Start of DATA RECORDS

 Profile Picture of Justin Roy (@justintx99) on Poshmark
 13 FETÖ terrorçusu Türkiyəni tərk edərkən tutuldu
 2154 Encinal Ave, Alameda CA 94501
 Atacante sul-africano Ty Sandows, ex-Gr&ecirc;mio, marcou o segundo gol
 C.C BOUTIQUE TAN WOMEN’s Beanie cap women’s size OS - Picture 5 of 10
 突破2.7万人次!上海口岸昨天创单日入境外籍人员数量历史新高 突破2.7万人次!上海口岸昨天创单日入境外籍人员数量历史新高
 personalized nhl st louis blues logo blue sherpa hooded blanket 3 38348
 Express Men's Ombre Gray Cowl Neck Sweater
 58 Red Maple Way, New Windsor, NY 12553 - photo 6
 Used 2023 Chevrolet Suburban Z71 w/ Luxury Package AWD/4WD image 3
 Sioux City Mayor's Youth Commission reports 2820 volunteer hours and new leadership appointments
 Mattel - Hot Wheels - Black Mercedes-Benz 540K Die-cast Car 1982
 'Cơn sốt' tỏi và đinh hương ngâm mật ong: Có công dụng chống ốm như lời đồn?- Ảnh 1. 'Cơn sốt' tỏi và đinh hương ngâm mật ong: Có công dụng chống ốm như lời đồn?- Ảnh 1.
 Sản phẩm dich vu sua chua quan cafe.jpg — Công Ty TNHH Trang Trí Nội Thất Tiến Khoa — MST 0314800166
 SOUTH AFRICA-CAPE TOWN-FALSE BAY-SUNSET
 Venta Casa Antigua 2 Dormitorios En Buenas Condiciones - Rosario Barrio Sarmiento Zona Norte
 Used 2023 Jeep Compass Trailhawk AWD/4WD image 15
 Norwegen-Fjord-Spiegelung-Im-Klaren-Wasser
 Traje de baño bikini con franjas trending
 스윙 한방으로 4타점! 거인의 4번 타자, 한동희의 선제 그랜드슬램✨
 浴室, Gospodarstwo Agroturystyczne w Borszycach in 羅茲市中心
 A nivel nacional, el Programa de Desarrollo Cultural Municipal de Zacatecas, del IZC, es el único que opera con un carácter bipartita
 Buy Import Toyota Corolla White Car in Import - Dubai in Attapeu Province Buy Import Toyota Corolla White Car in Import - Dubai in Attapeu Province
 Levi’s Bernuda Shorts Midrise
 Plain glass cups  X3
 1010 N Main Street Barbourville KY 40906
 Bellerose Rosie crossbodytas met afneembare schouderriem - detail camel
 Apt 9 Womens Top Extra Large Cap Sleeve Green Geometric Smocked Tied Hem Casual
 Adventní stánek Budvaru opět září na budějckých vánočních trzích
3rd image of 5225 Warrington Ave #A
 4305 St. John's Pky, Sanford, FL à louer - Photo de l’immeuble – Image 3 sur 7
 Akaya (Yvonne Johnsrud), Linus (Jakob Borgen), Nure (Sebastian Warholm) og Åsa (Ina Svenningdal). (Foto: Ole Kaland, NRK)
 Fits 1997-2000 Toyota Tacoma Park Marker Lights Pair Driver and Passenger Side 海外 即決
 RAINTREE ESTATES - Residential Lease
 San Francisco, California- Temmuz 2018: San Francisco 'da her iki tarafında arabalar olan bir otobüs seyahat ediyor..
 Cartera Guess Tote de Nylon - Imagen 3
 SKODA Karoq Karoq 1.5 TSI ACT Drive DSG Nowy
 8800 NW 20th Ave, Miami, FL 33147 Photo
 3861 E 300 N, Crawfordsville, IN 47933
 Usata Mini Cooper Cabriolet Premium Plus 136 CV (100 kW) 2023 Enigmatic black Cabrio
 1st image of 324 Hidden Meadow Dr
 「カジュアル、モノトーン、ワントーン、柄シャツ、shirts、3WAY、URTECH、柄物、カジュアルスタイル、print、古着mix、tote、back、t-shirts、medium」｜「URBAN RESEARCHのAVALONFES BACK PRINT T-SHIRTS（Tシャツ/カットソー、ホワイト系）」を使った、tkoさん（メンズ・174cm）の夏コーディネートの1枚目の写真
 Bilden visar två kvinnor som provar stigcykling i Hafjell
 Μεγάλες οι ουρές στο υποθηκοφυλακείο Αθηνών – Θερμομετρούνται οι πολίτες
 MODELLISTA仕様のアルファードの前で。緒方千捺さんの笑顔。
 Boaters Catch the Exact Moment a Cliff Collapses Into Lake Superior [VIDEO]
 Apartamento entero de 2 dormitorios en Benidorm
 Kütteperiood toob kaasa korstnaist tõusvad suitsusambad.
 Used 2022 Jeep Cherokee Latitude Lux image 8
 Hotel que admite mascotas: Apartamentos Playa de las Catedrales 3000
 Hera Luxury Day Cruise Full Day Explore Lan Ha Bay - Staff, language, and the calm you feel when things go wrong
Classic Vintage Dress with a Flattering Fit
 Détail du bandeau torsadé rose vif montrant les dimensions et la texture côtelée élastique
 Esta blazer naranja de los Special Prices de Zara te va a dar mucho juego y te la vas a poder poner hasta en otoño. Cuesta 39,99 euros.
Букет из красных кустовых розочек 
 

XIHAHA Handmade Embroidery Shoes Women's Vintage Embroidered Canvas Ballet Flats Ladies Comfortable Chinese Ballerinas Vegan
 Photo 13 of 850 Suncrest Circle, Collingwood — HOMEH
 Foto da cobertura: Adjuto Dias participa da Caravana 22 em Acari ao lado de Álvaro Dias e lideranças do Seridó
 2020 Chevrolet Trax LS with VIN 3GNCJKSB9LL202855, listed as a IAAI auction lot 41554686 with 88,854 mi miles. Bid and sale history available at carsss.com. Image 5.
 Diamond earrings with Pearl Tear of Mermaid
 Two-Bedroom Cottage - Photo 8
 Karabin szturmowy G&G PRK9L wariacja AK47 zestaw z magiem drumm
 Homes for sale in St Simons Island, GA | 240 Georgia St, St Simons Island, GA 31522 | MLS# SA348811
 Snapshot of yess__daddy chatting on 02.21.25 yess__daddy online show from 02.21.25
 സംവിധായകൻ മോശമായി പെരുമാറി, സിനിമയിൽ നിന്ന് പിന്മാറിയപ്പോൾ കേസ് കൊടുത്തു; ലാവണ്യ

End of DATA RECORDS

**TASK REQUIREMENTS**
A verbatim transcription is needed of the lines above, starting at the line with "1010 N Main Street Barbourville KY 40906" and ending at the line with "RAINTREE ESTATES - Residential Lease", both included, and of nothing else.

**SOLUTION**
 1010 N Main Street Barbourville KY 40906
 Bellerose Rosie crossbodytas met afneembare schouderriem - detail camel
 Apt 9 Womens Top Extra Large Cap Sleeve Green Geometric Smocked Tied Hem Casual
 Adventní stánek Budvaru opět září na budějckých vánočních trzích
3rd image of 5225 Warrington Ave #A
 4305 St. John's Pky, Sanford, FL à louer - Photo de l’immeuble – Image 3 sur 7
 Akaya (Yvonne Johnsrud), Linus (Jakob Borgen), Nure (Sebastian Warholm) og Åsa (Ina Svenningdal). (Foto: Ole Kaland, NRK)
 Fits 1997-2000 Toyota Tacoma Park Marker Lights Pair Driver and Passenger Side 海外 即決
 RAINTREE ESTATES - Residential Lease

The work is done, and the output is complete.